Data section ▸
+++

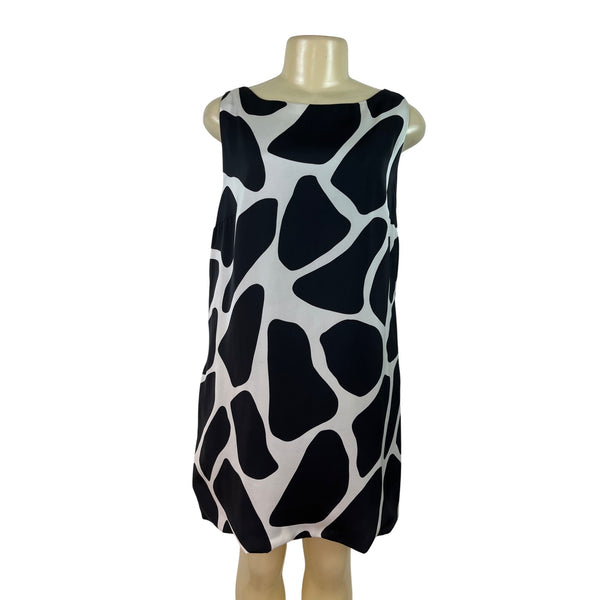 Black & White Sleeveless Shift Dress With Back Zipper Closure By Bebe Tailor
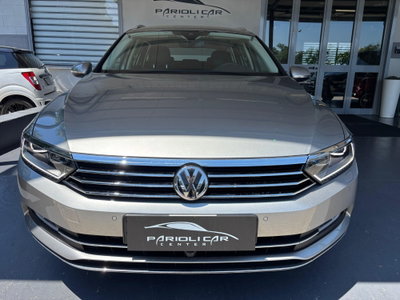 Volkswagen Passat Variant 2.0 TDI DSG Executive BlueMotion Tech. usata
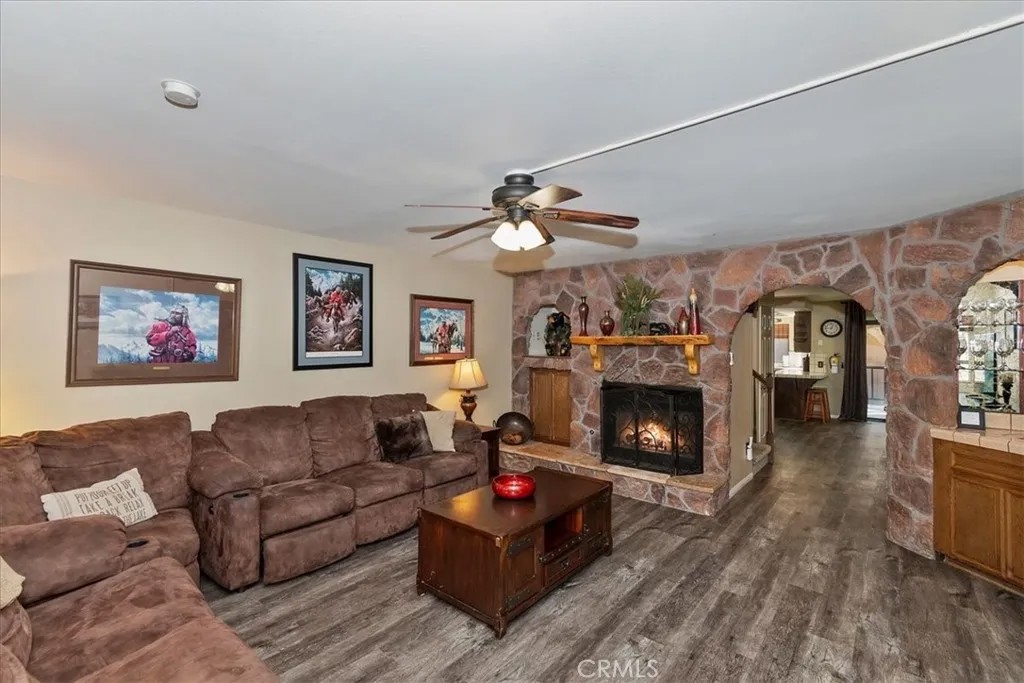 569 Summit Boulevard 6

+++

What you need to do ▸ Pictures stay out; reproduce exactly the lines from the one containing "Volkswagen Passat Variant" through the end of the data.

Response to this exercise ▸
 Volkswagen Passat Variant 2.0 TDI DSG Executive BlueMotion Tech. usata
 569 Summit Boulevard 6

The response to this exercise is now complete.